Gustavo Quintero

Mexico (Assistant)
- Position: Head coach

Personal information
- Born: 17 December 1976 (age 49) Nogales, Sonora, Mexico
- Coaching career: 2016–present

Career history

Coaching
- 2016: Halcones de Ciudad Obregón (Assistant)
- 2018: Soles de Ojinaga
- 2019: Santos del Potosí
- 2020: Soles de Ojinaga
- 2020: Huracanes de Tampico (Assistant)
- 2021: Soles de Ojinaga
- 2021: Libertadores de Querétaro (Assistant)
- 2021–: Mexico (Assistant)
- 2022: Halcones de Xalapa (women)
- 2022–2023: Libertadores de Querétaro (Assistant)
- 2024: Ángeles de la Ciudad de México
- 2025–2026: Caballeros de Culiacán

= Gustavo Quintero (basketball) =

Mexican basketball coach

Gustavo Quintero Pereda (born 17 December 1976) is a Mexican basketball coach.
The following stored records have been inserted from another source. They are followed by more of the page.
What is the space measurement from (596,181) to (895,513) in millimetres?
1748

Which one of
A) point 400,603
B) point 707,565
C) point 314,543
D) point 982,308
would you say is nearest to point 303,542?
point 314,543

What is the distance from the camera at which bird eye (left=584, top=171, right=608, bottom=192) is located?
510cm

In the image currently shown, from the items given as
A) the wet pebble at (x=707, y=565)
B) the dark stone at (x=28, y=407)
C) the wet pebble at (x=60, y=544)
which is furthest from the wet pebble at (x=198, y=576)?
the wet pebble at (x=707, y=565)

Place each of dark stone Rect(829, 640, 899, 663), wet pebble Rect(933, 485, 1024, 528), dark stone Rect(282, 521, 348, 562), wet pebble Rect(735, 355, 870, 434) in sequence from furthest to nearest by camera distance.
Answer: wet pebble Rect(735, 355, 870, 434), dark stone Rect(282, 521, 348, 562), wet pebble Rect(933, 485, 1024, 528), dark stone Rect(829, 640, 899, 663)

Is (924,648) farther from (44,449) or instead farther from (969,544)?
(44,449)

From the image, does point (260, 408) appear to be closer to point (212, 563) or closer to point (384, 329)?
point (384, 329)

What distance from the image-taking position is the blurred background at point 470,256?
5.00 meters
He is the head coach of the Caballeros de Culiacán.

==Coaching career==
Quintero started his coaching career with Halcones de Ciudad Obregón in the CIBACOPA league. He has coached teams such as Halcones de Xalapa (both men's and women's squads), Libertadores de Querétaro, Huracanes de Tampico, and Santos de San Luis. Quintero has served as an assistant coach for Halcones de Ciudad Obregón and Zonkeys de Tijuana, and as head coach for Ángeles de la Ciudad de México in 2024.
Served as an assistant coach during tournaments such as the FIBA AmeriCup and the FIBA World Cup. Appointed head coach for Mexico during the 2023 Central American and Caribbean Games in San Salvador (where the team won a silver medal) and the Pan American Games in Santiago.
In 2023, Gustavo Quintero Pereda was awarded “Athlete of the Year” in the Best Coach category in his hometown, Nogales, in recognition of his contributions to the sport and his impact on the basketball community.
As of January 2025, Quintero is the head coach of Caballeros de Culiacán in the Liga Chevron CIBACOPA.

==Personal life==
Gustavo Quintero is the older brother of fellow basketball coach Omar Quintero.